IL GRANDE SOGNO

Roma, autunno 1967. Ha un'insospettabile grinta sotto il viso d'angelo la piccola borghese Laura (Jasmine Trinca), studentessa universitaria di matrice cattolica pronta a lottare contro le "ingiustizie".
Lotta che si concretizza nel ribellarsi, in casa, in sintonia con i due fratelli minori, ai genitori, partecipando alla marcia per la fine della guerra in Vietnam, all'università ai professori ritenuti "parrucconi".

Nell'aula di Fisica presto occupata, diventa la ragazza dello studente leader del movimento studentesco Libero (Luca Argentero) e con lui sogna un mondo più giusto. Però poi cede al fascino dell'infiltrato Nicola (Riccardo Scamarcio), giovane poliziotto proveniente dal sud che ama il teatro e vorrebbe diventare attore (e proprio per questa voglia di "recitare" comandato allo scopo, cioè infiltrato, dal suo colonnello, un divertente Silvio Orlando), salvo allontanarlo disgustata quando lo incontra con i ferri del mestiere (elmetto e manganello) per una sacrosanta carica davanti alla facoltà.

Nicola, ormai innamorato, cercherà di ritrovarla sforzandosi anche di comprendere un mondo che gli è al contempo congeniale e lontano, in pratica il "caramba" è portato a simpatizzare con le idee della fanciulla (cioè la contestazione globale del sistema). O forse è solo Amore.

IL GRANDE SOGNO è un passabile dramma social-sentimentale, scritto, per un terzo, e diretto da Michele Placido. Gli anni sono quelli che precedono, attraversano e seguono il 1968 e i suoi rivolgimenti e il regista cerca di raccontare se stesso e la sua gioventù, rievocando attraverso il personaggio del tutto sommato bravo Riccardo Scamarcio, la propria giovinezza a due facce, dalla Celere all'Accademia.

Lo fa cercando di descrivere mondi differenti che si incontrano/scontrano in un periodo di fermenti sociali e culturali. Meglio la prima parte della seconda, girata con un'impronta molto "documentaristica", nonostante i fastidiosi stereotipi sulla contestazione e il linguaggio stantio, una di quelle belle foto color seppia che si tenta inutilmente di tenere vive.

Certo un giovane che vede il film si può far l'idea che finito il '68 sia finito tutto. Dopo la ricreazione tutti a casa. Come sappiamo, non è andata così. Per andare a casa molti ragazzi, molti ragazzi ci hanno messo parecchi anni. E non pochi di essi (leggi i fautori della lotta armata) alla vita di prima non ci sono più tornati.

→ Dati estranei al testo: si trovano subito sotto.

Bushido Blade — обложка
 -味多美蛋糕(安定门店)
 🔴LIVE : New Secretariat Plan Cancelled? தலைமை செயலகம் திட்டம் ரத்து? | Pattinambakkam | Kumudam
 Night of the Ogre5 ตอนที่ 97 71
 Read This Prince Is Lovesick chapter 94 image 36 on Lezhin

In effetti è come se ci fossero due film in uno. L'uno narra delle vicende amorose di Nicola, Laura e Libero e l'altro delinea un ritratto di quegli anni esplorato con uno sguardo maledettamente unilaterale, spiccio ed elusivo. Uno sguardo che è ancora quello del poliziotto Michele che osserva, senza davvero comprenderlo fino in fondo, un tentativo di cambiare il mondo per lui tanto confuso quanto in fondo velleitario perché dai sogni ci si risveglia. Anche se faccio notare che i protagonisti avranno pure combattuto per cambiare il mondo ma alla fine si sono accomodati sulla comoda poltrona di borghese (vedi i titoli di coda). Insomma faticare stanca, protestare molto meno.